La maraña de pieles y carnes pululantes que dejamos atrás daba cuenta de que ninguno de los allí presentes daríamos paso a la clemencia, y en una de las peculiares referencias que la vida hace a las frases populares, ―matar o morir‖ sería uno de los parágrafos principales en los mandamientos de esta nueva misión.

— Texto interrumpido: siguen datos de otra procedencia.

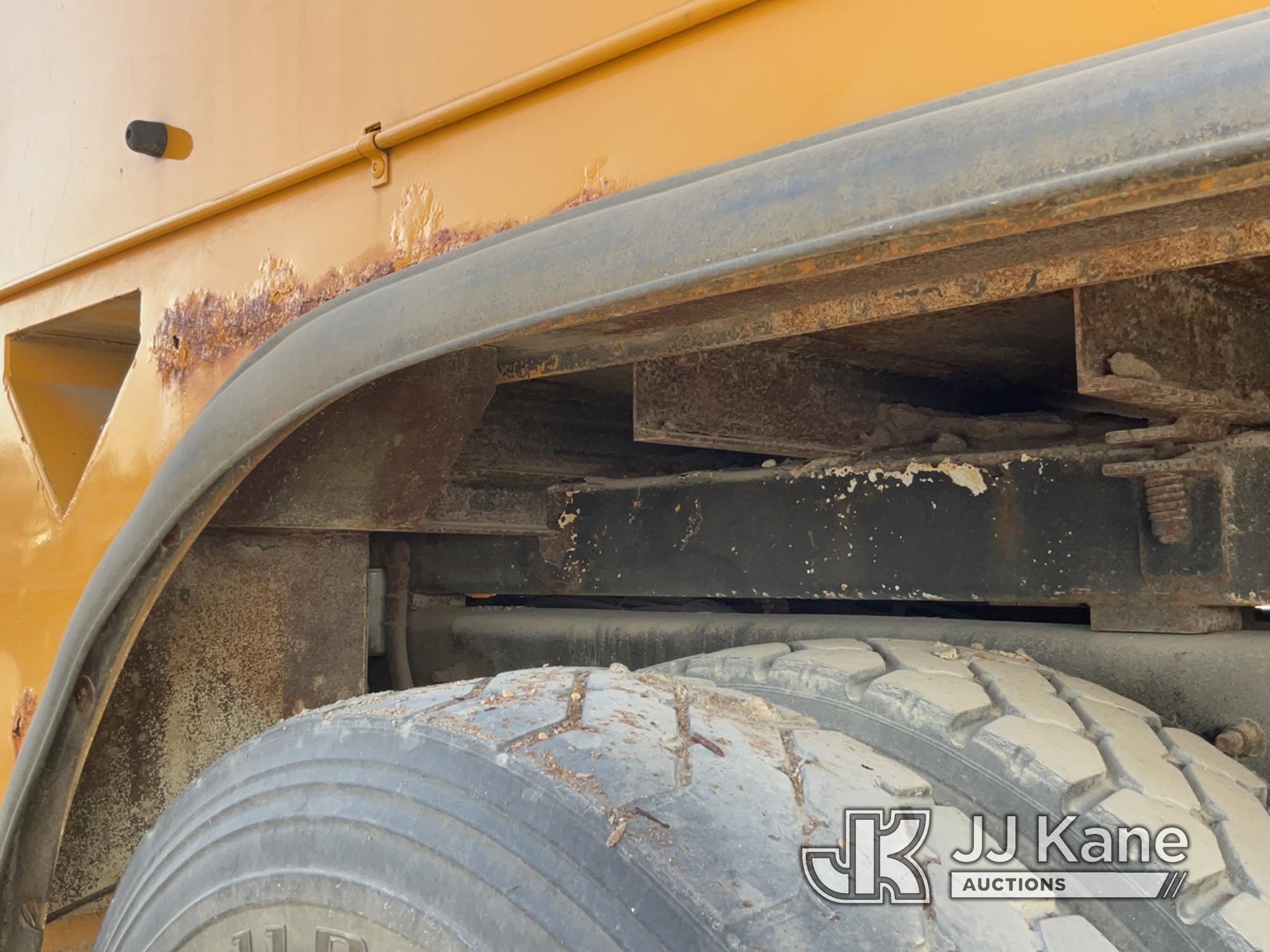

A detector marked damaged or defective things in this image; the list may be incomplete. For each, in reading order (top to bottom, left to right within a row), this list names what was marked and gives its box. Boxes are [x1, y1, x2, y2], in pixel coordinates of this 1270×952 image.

rusty bracket [356, 123, 389, 188]
rusted metal edge [0, 0, 752, 302]
rust spot on yellow paint [151, 164, 627, 383]
rust spot on yellow paint [11, 691, 37, 757]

Atravesamos la cueva de los mantheils sólo para avizorar una panorama completamente diferente al anterior, totalmente opuesto; un paisaje repleto de sierras y pequeñas formaciones erógenas de rocas humeantes; aves gigantescas del tamaño de un hombre mediano circunvalaban en el cielo, quebrando el ambiente con sus hirientes graznidos; a lo lejos, en la llanura de una enorme montaña, lejana hacia el norte, se alzaba un negro ejército, curiosamente con caballos blancos; no costaba demasiado trabajo individualizarlo… El de las botas de hierro.
Bredrion… allí espera… negro como la hiel de mil demonios… los ojos intimidantes como los de una serpiente clavaban su ponzoña directamente en los corazones de los hombres… maldad pura y maciza… medía poco más de dos metros y medio… los brazos, la espalda, el tórax, las piernas, todo por donde se lo observara mostraba profundas cicatrices… colosal… los músculos de roca estiraban de sobremanera la piel, tanto así que parecía que se ajaría por si sola… era una verdadera abominación creada pura y exclusivamente para destruir… para asesinar… para odiar.